Print every entry, word for word, and skip the images.
Data excerpts START
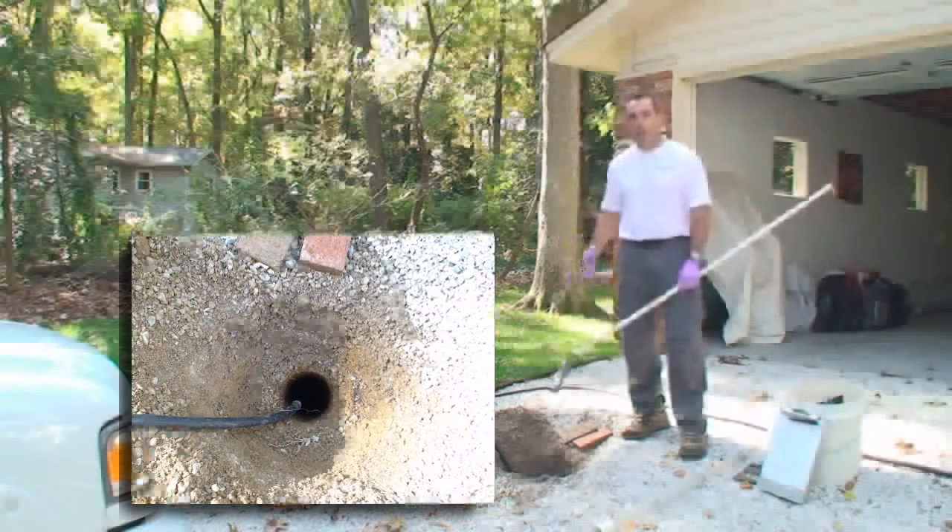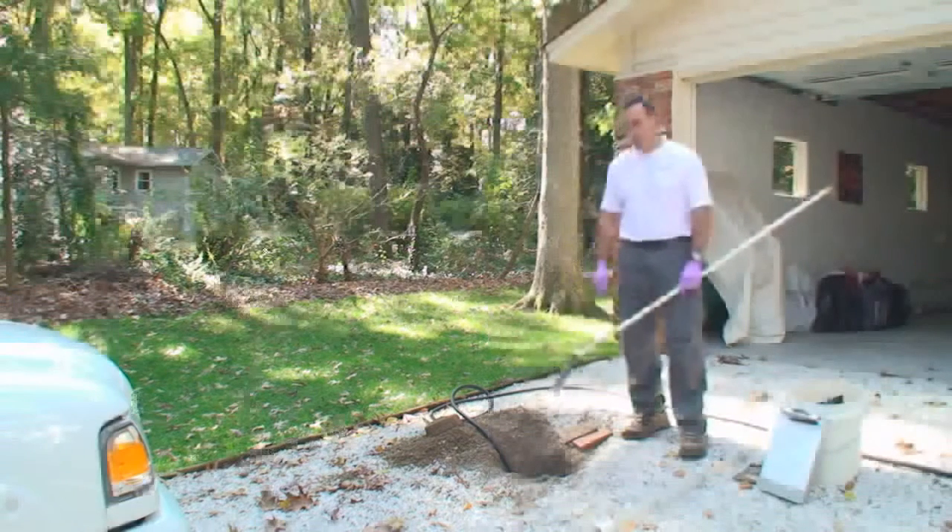We try to run a day's worth of water into the tank during the inspection, and that is all for us.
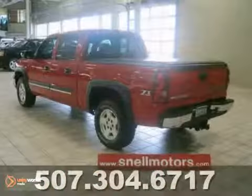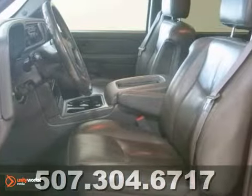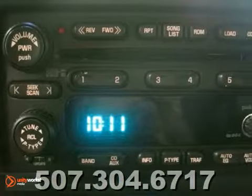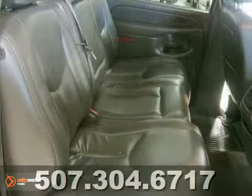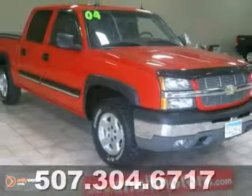Here's the 2004 Chevrolet Silverado 1500 Crew Cab that was very babied. This beauty was always inside when not being used, and you can tell looking at it. This vehicle came in to us in great shape and is ready for a new owner that will also take good care of it. Come test drive it today before it's too late.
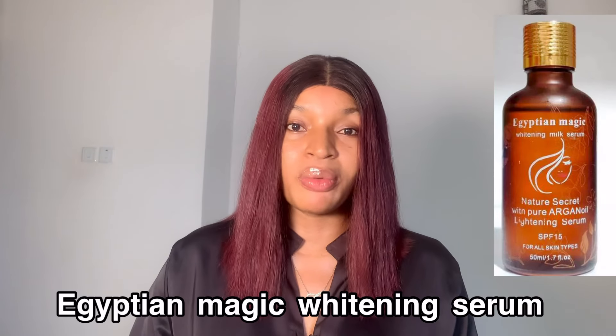The first one is the Egyptian Magic Whitening Serum. This serum contains argan oil, SPF 15, kojic acid, and vitamin C — a good ingredient that helps a lot in brightening the skin. If you have a stubborn dark spot on your face that has refused to clear up, this serum is the type that can actually help to get rid of it.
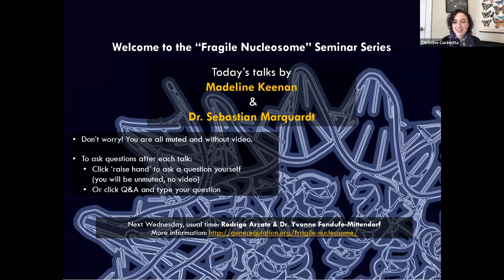I am excited to introduce Madeline Keenan, who is a graduate student at the University of California, San Francisco. She did her bachelor's at the University of Arizona, where she got an English literature and molecular biology degree, which is fantastic. I love to see combinations like that.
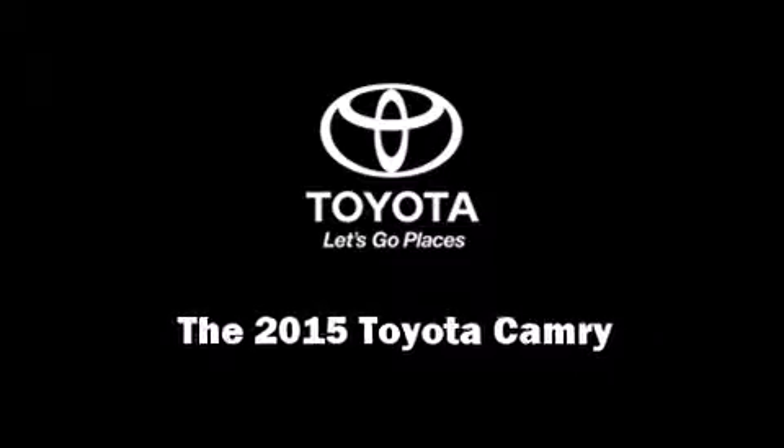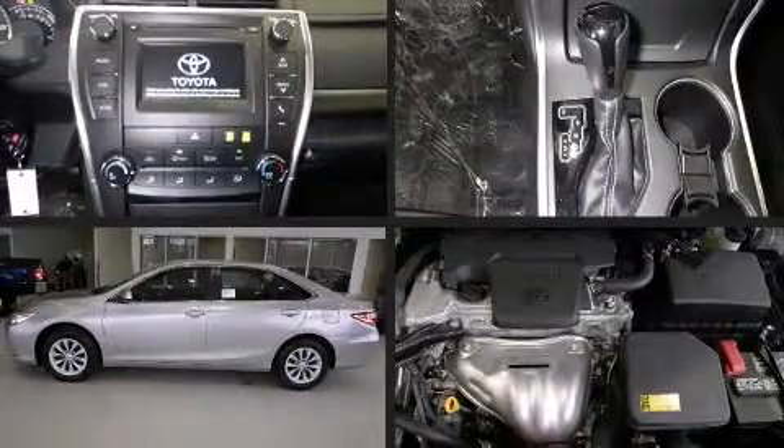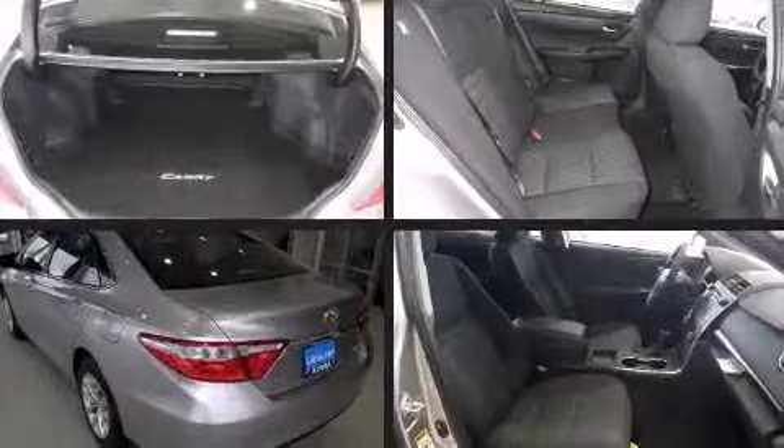Outstanding design defines the 2015 Toyota Camry. This four-door, five-passenger sedan is waiting for you to take home.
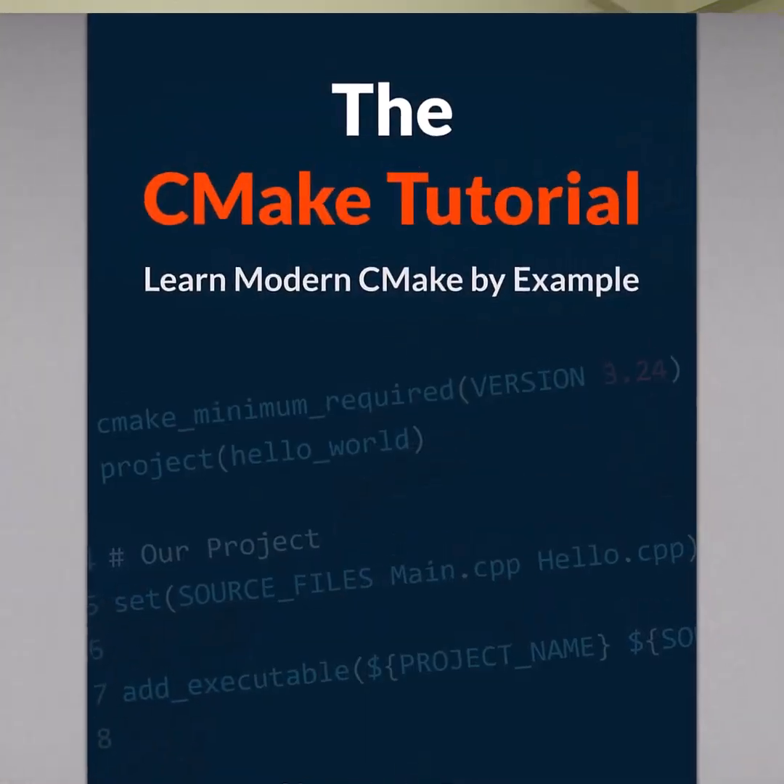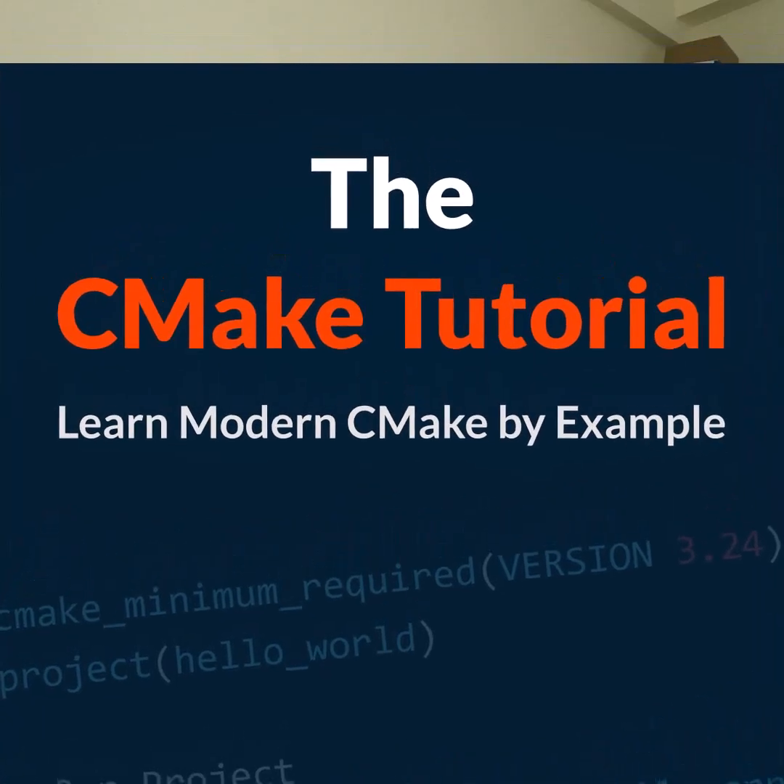Over the last few months I've been working on the CMake tutorial, which I'm writing to help people get up to speed with modern CMake quickly. I'm pleased to say it's now available in pre-release form.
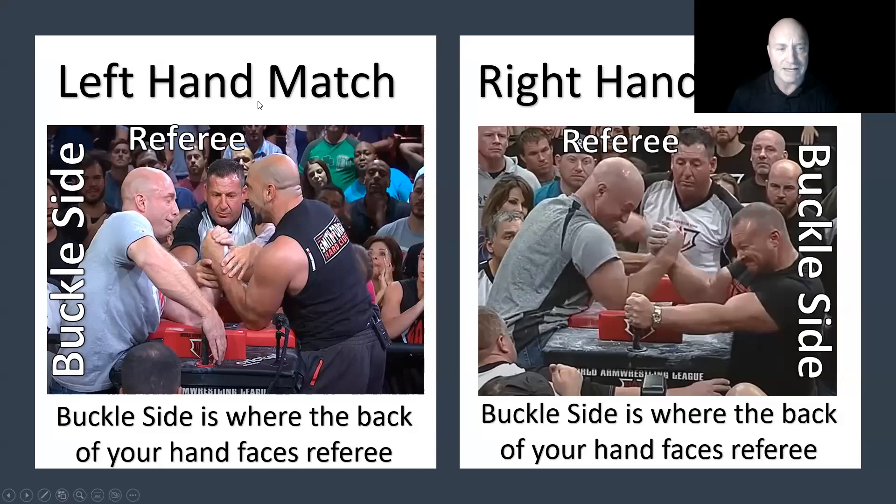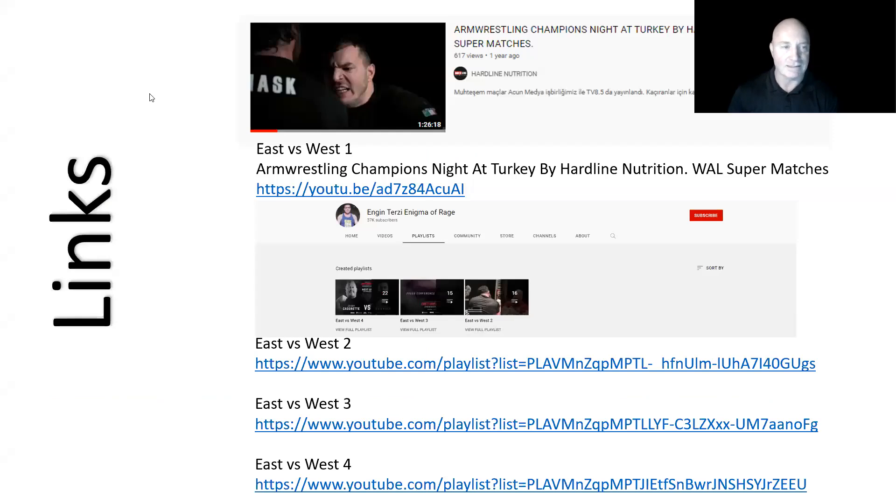We decided to call them the 'buckle side' and the 'non-buckle side.' In a left-handed match, the buckle side is the side where the back of your hand faces the referee - that's where the strap buckle would be. In a right-handed match, the guy whose back of the hand faces the ref is on the buckle side. The buckle side is simply where the back of your hand faces the referee.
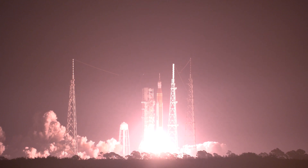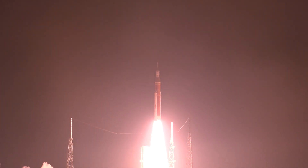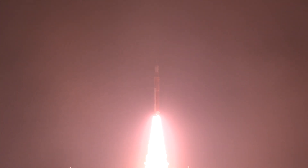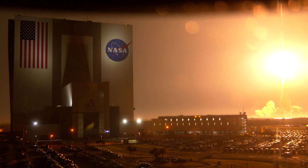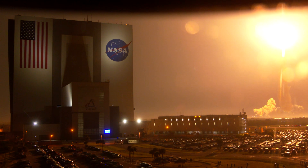And liftoff of Artemis I — we rise together, back to the moon and beyond. All four RS-25 engines on the core stage and two solid rocket boosters now propelling the vehicle at 128 miles per hour. Hearing good control on the roll from teams in Mission Control Houston — all good calls so far. Now 30 seconds into the flight, Artemis I.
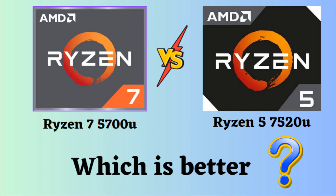In this video, I will compare the AMD Ryzen 7 5700U and AMD Ryzen 5 7520U, highlighting their differences, and then provide a conclusion to help you determine which one is the better choice. Both of them are powerful AMD processors and they have their own strengths as well as weaknesses. So let's look at them.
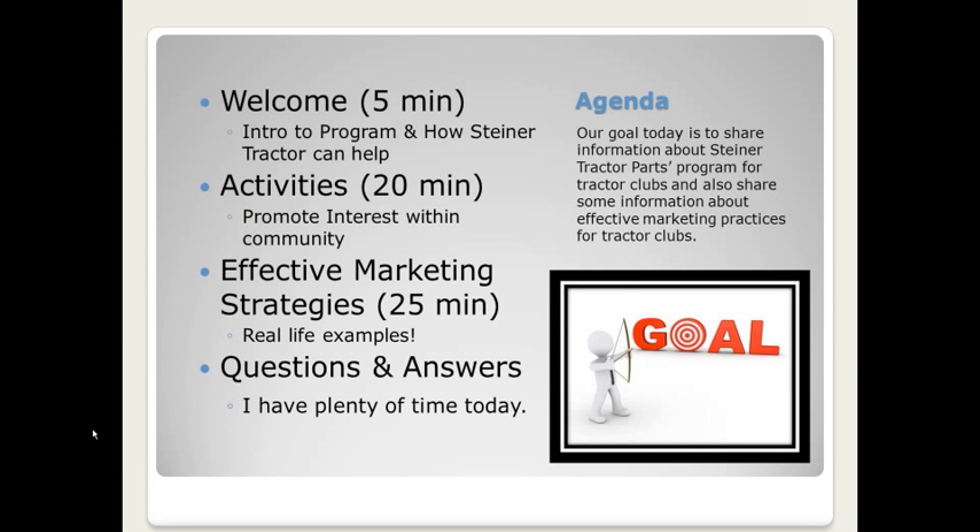Our goal today is to share information about the Steiner Tractor Parts program for tractor clubs and also to share information about effective marketing practices for tractor clubs. We're going to spend about five minutes introducing the program that Steiner Tractor is offering and ways that Steiner is able to help your club succeed. Then we'll get into the meat of our program, spending about 20 minutes talking about activities your club could add or improve upon to create renewed community interest and bring together different community organizations to support the club. We'll also spend several minutes talking about tractor pulls and how clubs can get started or enhance their show with pulling activities.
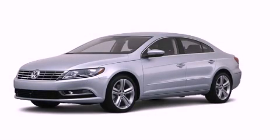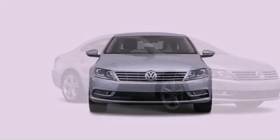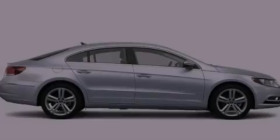This is a brand new 2013 Volkswagen CC. Its top features include a sport suspension, heated seats, a low tire pressure indicator, satellite radio, and xenon headlights.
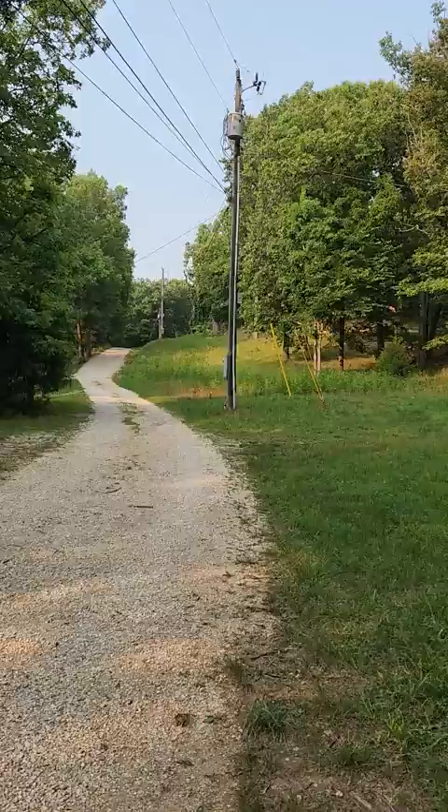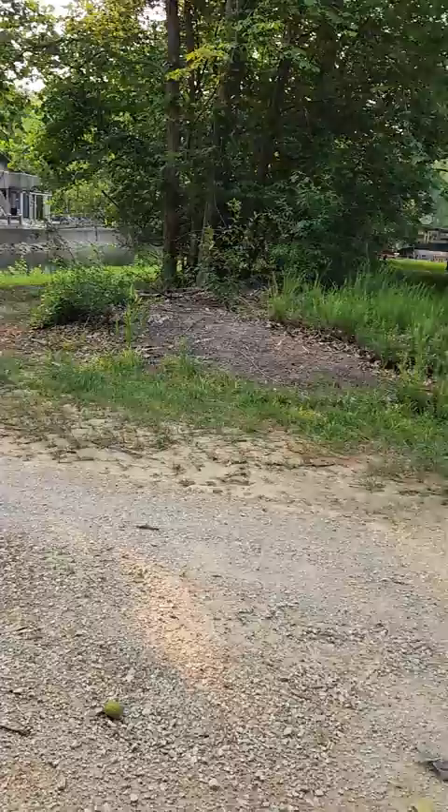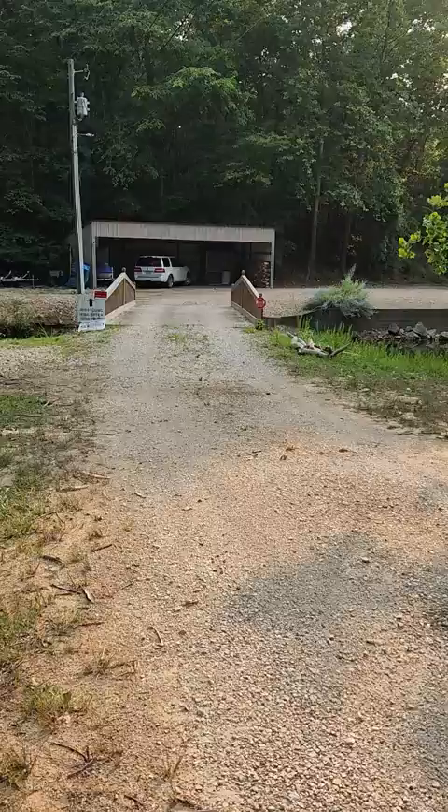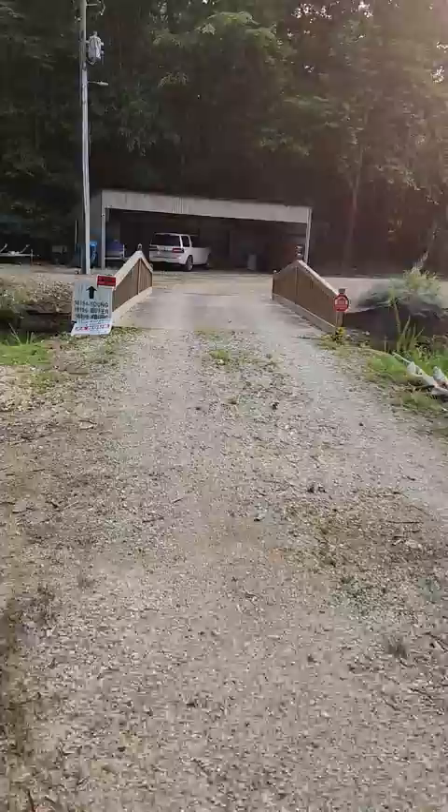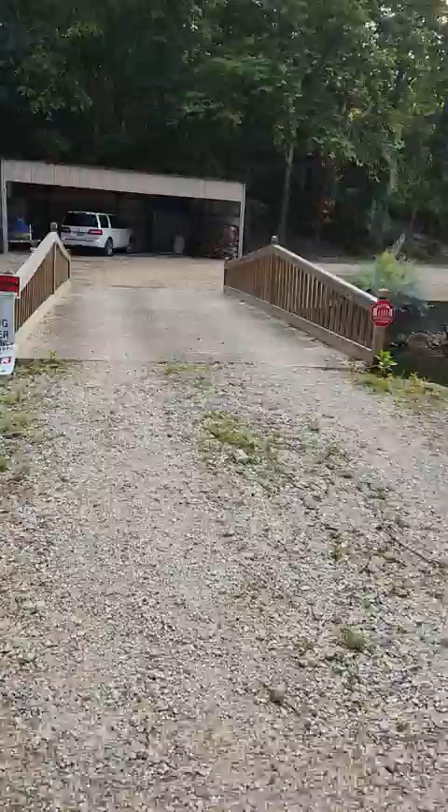When you come to the condo, this is the road you'll be coming in on. After you come down that hill, you'll be crossing this bridge to get to the condo. If you have a boat trailer or a trailer, we suggest you park in one of the other parking areas — there is a separate video for that — before you come down this way, because it is hard to turn around once you cross over the bridge.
Data excerpts END
→ **Output for this exercise**:
We try to run a day's worth of water into the tank during the inspection, and that is all for us.
Here's the 2004 Chevrolet Silverado 1500 Crew Cab that was very babied. This beauty was always inside when not being used, and you can tell looking at it. This vehicle came in to us in great shape and is ready for a new owner that will also take good care of it. Come test drive it today before it's too late.
The first one is the Egyptian Magic Whitening Serum. This serum contains argan oil, SPF 15, kojic acid, and vitamin C — a good ingredient that helps a lot in brightening the skin. If you have a stubborn dark spot on your face that has refused to clear up, this serum is the type that can actually help to get rid of it.
I am excited to introduce Madeline Keenan, who is a graduate student at the University of California, San Francisco. She did her bachelor's at the University of Arizona, where she got an English literature and molecular biology degree, which is fantastic. I love to see combinations like that.
Outstanding design defines the 2015 Toyota Camry. This four-door, five-passenger sedan is waiting for you to take home.
Over the last few months I've been working on the CMake tutorial, which I'm writing to help people get up to speed with modern CMake quickly. I'm pleased to say it's now available in pre-release form.
We decided to call them the 'buckle side' and the 'non-buckle side.' In a left-handed match, the buckle side is the side where the back of your hand faces the referee - that's where the strap buckle would be. In a right-handed match, the guy whose back of the hand faces the ref is on the buckle side. The buckle side is simply where the back of your hand faces the referee.
And liftoff of Artemis I — we rise together, back to the moon and beyond. All four RS-25 engines on the core stage and two solid rocket boosters now propelling the vehicle at 128 miles per hour. Hearing good control on the roll from teams in Mission Control Houston — all good calls so far. Now 30 seconds into the flight, Artemis I.
In this video, I will compare the AMD Ryzen 7 5700U and AMD Ryzen 5 7520U, highlighting their differences, and then provide a conclusion to help you determine which one is the better choice. Both of them are powerful AMD processors and they have their own strengths as well as weaknesses. So let's look at them.
Our goal today is to share information about the Steiner Tractor Parts program for tractor clubs and also to share information about effective marketing practices for tractor clubs. We're going to spend about five minutes introducing the program that Steiner Tractor is offering and ways that Steiner is able to help your club succeed. Then we'll get into the meat of our program, spending about 20 minutes talking about activities your club could add or improve upon to create renewed community interest and bring together different community organizations to support the club. We'll also spend several minutes talking about tractor pulls and how clubs can get started or enhance their show with pulling activities.
This is a brand new 2013 Volkswagen CC. Its top features include a sport suspension, heated seats, a low tire pressure indicator, satellite radio, and xenon headlights.
When you come to the condo, this is the road you'll be coming in on. After you come down that hill, you'll be crossing this bridge to get to the condo. If you have a boat trailer or a trailer, we suggest you park in one of the other parking areas — there is a separate video for that — before you come down this way, because it is hard to turn around once you cross over the bridge.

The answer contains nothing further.